Opt A (ms_ssim_decimate smem tiling): cooperative CTA tile load of TILE_H × TILE_W_PAD = 24 × 41 floats (3936 B), amortising mirror_idx cost to once per source element.
Opt B (adm_cm_line_kernel_8 __launch_bounds__(128, 8)): instructs ptxas to target ≤64 regs/thread (65536 / (8 CTAs × 128 threads)), raising theoretical occupancy from 33% to ~67%.

Hardware measurement was conducted in PR #89 using ncu 2026.2.0 on vmaf-dev-mcp:cuda13.3 (RTX 4090, 128 SMs):

Opt A measured: +8 to +24% kernel duration (regression at all tested resolutions — 576p and 1080p). Root cause: the baseline ms_ssim_decimate kernel was already L1-resident (95% hit rate measured by ncu MemoryWorkloadAnalysis). The cooperative-load + __syncthreads() overhead broke the hardware prefetcher and converted L1 hits into L2/DRAM misses.
Opt B measured: −9.3% kernel duration at 1080p, neutral at 576p. Registers confirmed 114→64 per thread.

End-to-end aggregate: +3.9–4.8% fps improvement driven entirely by Opt B.

Revert Opt A (ms_ssim_decimate smem tiling). The L1-resident baseline makes smem staging a net regression. The non-tiled kernel remains at core/src/feature/cuda/integer_ms_ssim/ms_ssim_score.cu.
Keep Opt B (adm_cm_line_kernel_8 __launch_bounds__(128, 8)). Confirmed −9.3% at 1080p; negligible at 576p (occupancy-limited only at larger grids). Change is in core/src/feature/cuda/integer_adm/adm_cm.cu.

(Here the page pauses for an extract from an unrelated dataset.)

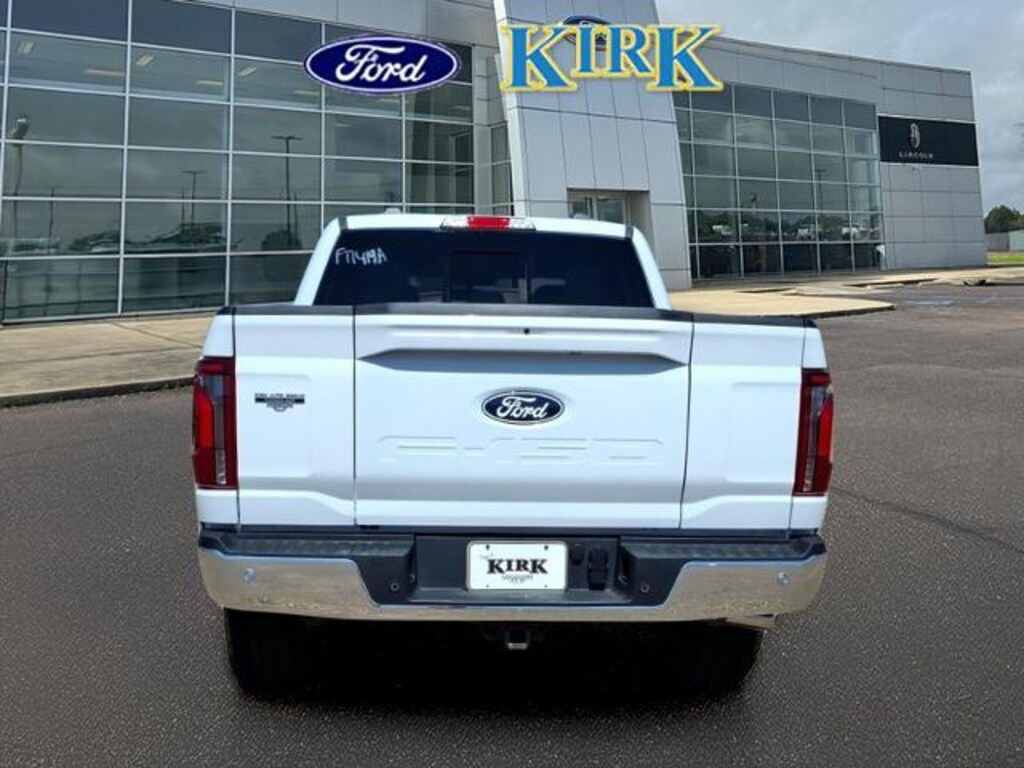 Certified 2025 Ford F-150 Lariat CREW CAB SHORT BED TRUCK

Option	Pros	Cons	Why not chosen
Keep both Opt A + Opt B	+Opt B gain retained	Opt A regresses ms_ssim by +8–24%; smem staging adds unnecessary complexity	Measured regression — PR #89
Keep Opt A, drop Opt B	Possible gain if L1 occupancy drops on future hardware	Measured regression now; removes −9.3% adm_cm gain	Dominated by Opt B on current target arch
Drop both	No regression risk	Loses confirmed −9.3% adm_cm gain; end-to-end +3.9–4.8% fps lost	Leaves confirmed occupancy win on table
Keep Opt A with larger BLOCK size to reduce smem overhead	Might lower cooperative-load cost	L1 hit rate at baseline (95%) means problem is not DRAM throughput but prefetcher disruption; block-size change won't fix it	Root cause is prefetcher, not smem size

Positive: +3.9–4.8% fps end-to-end from adm_cm occupancy gain; ms_ssim_decimate performance unchanged (baseline was already L1-efficient).
Negative: Smem tiling design is documented as a regression on current hardware (RTX 4090, CUDA 13.3). Future hardware with lower L1 hit rates may benefit — see Research-0744 and ADR-0750 for re-evaluation criteria.
Neutral: Correctness unaffected. ADR-0214 places=4 parity gate confirmed bit-exact results before and after.

Research-0744 — analysis + implementation details
ADR-0750 — hardware measurement (PR #89)
ADR-0454 — filter1d.cu smem precedent (L1-absent case)
ADR-0214 — GPU/CPU parity gate
req: "Partial revert of PR #79 per the hardware measurement in PR #89 digest: revert ms_ssim_decimate smem tiling (measured -8 to -24%), keep adm_cm launch_bounds (-9.3% at 1080p). Registers 114→64 confirmed."